Avertissement : Cette critique contient des spoilers .
C'est un livre brillant qui tourne autour d'un seul thème, d'une seule histoire et d'une seule problématique : avorter ou mettre au monde un orphelin.
Le Dr Larch, le héros merveilleux du livre mais trop vite éclipsé par son fils putatif, divise le travail entre deux : il met au monde et élève des orphelins(l'oeuvre de dieu) mais pratique des avortements pour respecter le choix des femmes à disposer de leur corps( la part du diable) et parce qu'il sait que le monde est complexe, et que parfois Dieu se confond avec le Diable.
Toute l'histoire du roman se tient sur cette trame : Dieu prend le visage du Diable : un jeune couple dysfonctionnel : la mature Candy et le turbulent Wally conçoivent dès la première nuit d'amour et vont donc à l'orphelinat de Larch pour ne pas mettre au monde. Ils y rencontrent le digne et courageux Homer Wells, orphelin angélique, avec qui ils deviennent meilleurs amis du monde. Pourtant, un espèce de démon font tomber amoureux Homer et Candy, dans le dos de Wally, et bien qu'ils résistent, Wally part en guerre et disparaît.
Homer et Candy le croyant mort s'abandonnent à la passion, conçoivent et mettent au monde, oeuvre divine, et là se clôt le texte : le diable s'en mêle magiquement, Wally revient émasculé(ironiquement), et l'enfant naturel, Ange, est reconnu comme orphelin pour préserver le héros handicapé.
Ange tombe amoureux d'une femme noire maltraitée et violée par son père tombée enceinte, et Homer ce démon qui déteste le diable, accepte de donner la vie mais refuse d'avorter s'enjoint à Larch , mais celui-ci est mort. Il devra donc pratiquer la basse oeuvre, ironiquement, encore.
Le roman est ainsi tout aussi flaubertien que Dickensien puisque tout est prétexte à l'ironie d'un sort cruel tissé par l'enfant de Dieu et du Diable(à l'image de l'être humain?) : l'orphelin qui déteste les avortements et qui veut échapper à sa condition est contraint de mentir à son propre enfant à qui il fait subir le même sort affreux de ne pas connaître ses origines à cause d'un trio amoureux et d'un amour impossible qu'il n'a pu surmonter.
Et pour s'être conformé à la morale bourgeoise , il en paiera le prix, le prix du Diable : il pratiquera son oeuvre sur l'amoureuse opportuniste de son fils.

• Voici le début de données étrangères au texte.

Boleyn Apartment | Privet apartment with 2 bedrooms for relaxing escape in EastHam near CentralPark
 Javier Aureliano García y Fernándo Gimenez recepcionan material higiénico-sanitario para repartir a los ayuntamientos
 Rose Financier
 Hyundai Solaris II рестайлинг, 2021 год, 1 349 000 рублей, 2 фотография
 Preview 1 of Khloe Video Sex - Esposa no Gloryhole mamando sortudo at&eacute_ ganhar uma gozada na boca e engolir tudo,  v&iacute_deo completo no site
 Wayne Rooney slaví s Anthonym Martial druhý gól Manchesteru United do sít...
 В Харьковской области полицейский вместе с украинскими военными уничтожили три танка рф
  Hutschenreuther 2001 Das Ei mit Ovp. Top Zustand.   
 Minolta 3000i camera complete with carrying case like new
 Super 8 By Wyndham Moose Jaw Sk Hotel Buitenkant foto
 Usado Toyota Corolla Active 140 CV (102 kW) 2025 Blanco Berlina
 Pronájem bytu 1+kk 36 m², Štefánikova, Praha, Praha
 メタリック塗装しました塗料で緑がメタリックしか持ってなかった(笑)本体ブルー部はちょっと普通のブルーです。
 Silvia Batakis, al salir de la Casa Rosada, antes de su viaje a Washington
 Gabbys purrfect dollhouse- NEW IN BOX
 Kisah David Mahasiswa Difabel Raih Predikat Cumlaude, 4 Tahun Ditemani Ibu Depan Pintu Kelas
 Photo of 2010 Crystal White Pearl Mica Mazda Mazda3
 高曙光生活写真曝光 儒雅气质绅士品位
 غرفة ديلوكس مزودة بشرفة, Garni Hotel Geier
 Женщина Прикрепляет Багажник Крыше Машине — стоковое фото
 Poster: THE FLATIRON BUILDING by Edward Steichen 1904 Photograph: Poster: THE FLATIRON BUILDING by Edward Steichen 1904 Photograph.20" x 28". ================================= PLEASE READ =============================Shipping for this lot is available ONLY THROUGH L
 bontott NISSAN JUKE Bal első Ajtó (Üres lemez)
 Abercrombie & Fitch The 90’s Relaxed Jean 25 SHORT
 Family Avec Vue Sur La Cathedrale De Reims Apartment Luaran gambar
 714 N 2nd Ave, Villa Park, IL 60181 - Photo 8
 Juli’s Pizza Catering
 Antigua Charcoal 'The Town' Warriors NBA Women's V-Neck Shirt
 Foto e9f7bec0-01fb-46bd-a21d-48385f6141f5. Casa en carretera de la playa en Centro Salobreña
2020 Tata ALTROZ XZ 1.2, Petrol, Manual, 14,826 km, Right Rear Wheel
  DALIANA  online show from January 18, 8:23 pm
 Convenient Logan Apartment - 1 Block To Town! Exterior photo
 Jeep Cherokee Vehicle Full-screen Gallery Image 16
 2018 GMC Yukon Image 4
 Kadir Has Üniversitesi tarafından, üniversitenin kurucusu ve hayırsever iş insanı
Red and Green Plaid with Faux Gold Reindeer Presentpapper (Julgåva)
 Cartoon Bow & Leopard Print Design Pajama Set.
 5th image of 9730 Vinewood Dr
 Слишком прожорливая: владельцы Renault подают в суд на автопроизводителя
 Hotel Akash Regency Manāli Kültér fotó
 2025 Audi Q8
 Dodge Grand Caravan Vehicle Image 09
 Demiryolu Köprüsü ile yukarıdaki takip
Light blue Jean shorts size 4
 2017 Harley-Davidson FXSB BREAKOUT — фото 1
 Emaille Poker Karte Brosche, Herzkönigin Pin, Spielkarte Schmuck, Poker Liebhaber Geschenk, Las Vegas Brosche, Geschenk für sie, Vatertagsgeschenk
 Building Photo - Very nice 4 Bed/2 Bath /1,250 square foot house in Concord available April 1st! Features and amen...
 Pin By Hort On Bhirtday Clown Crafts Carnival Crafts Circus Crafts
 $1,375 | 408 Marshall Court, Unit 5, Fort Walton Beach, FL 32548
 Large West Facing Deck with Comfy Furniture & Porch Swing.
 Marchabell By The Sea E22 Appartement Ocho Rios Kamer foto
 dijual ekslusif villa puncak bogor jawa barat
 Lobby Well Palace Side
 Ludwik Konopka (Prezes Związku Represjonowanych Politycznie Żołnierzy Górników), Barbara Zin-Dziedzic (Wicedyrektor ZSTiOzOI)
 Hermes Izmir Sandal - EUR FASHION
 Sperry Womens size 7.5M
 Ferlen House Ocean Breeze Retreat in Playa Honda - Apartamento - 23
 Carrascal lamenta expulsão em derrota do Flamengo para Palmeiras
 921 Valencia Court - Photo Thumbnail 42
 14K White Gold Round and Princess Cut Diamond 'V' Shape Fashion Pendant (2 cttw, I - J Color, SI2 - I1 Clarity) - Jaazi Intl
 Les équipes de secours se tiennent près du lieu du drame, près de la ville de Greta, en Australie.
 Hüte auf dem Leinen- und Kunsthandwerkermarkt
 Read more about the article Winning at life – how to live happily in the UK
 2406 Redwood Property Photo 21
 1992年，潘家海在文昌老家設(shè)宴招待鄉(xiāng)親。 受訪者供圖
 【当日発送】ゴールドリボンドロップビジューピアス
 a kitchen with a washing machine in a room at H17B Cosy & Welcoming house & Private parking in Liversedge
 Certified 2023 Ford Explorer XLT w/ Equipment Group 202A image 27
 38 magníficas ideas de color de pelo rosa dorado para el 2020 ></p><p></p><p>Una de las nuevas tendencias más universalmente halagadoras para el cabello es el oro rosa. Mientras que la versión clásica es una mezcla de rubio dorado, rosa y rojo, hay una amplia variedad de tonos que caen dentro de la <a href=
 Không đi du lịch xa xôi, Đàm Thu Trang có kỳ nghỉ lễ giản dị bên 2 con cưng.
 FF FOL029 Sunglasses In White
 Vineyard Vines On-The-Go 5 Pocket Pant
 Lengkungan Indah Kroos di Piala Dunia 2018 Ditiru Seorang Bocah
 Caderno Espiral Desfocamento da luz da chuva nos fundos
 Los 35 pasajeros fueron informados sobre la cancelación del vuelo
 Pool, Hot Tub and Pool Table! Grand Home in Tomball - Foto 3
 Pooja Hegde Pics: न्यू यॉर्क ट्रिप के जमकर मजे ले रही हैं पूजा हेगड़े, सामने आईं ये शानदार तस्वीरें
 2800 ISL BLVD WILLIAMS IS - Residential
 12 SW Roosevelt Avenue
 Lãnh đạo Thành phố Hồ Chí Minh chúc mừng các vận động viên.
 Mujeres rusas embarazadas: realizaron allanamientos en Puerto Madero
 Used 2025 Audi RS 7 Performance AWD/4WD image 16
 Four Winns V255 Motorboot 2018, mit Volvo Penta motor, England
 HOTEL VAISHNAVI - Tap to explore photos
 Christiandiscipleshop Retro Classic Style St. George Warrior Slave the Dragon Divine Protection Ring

Les sacrifices d'amour , le mensonge, l'hypocrisie dont les extrêmes renvoient la perpétration de la violence sexuelle(viol, inceste, agression )n'est-ce pas la véritable oeuvre du Diable?
Surmonter les conventions et les normes sociales pour vivre le bonheur conjugal mérité (même au prix de faire souffrir un être cher) ou , plus terrible encore, échapper à une condition sociale et familiale violente et insoutenable, n'est-ce pas la véritable part de Dieu?